鹿児島地方裁判所鹿屋支部 昭和47年(ワ)33号 判決 1973年12月03日
原告 国
訴訟代理人 吉田和夫 外三名
被告 坪水徳三
主文
一 被告は原告のため別紙物件目録<省略>記載の各土地につき所有権移転登記手続をせよ。
二 訴訟費用は被告の負担とする。
事実
(原告の申立及びその事実上の陳述)
原告代理人は主文同旨の判決を求め、被告の時効の抗弁を争つたほか請求原因として次のとおり述べた。

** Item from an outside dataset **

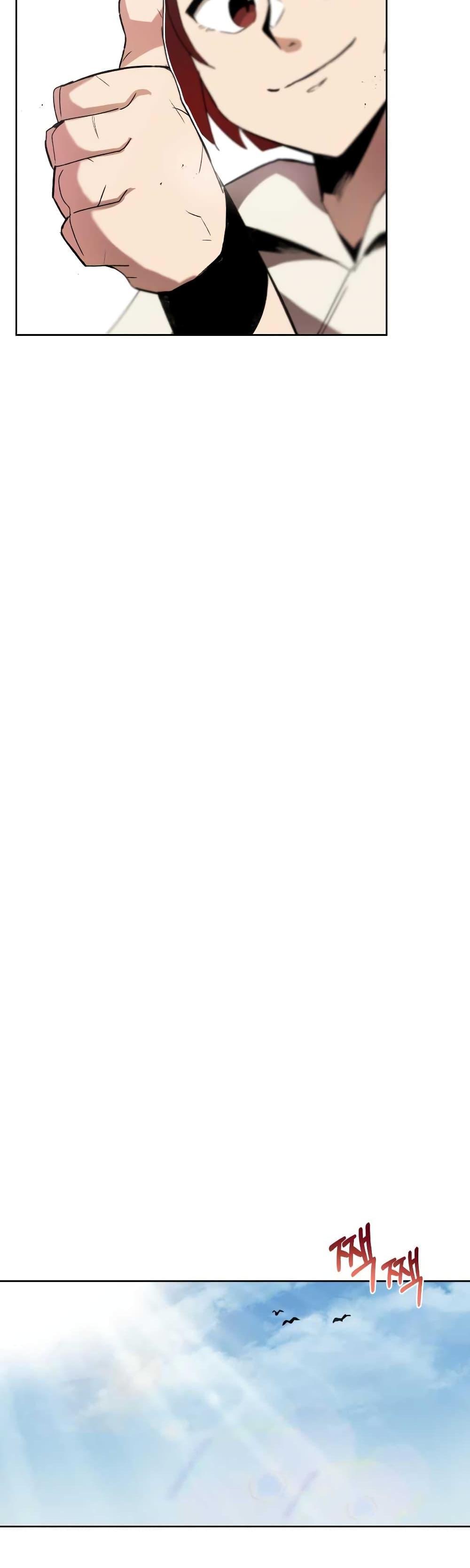 Manga-lc-com อ่านมังงะ อ่านการ์ตูน ออนไลน์ ฟรี The Lazy Prince Becomes a Genius ตอนที่ 1 2 3 4 5 6 7 8 9 10 11 12 13 14 ฟรี ไม่มีโฆษณา Manga-lc - อ่าน มังงะ อ่าน การ์ตูน ออนไลน์ อ่านมังงะ ฟรี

別紙物件目録<省略>記載の各土地(以下「本件土地」という)はもと被告の所有であつたが、遅くとも昭和一九年四月一二日までに原告(当時所官庁は海軍省であつたが現在は大蔵省)が被告からこれを軍事施設物敷地として代金一二八六円一五銭で買受けこれが所有権を取得したものであるが、その登記手続が未了であるため本訴に及ぶ。(被告の申立及びその事実上の棟述)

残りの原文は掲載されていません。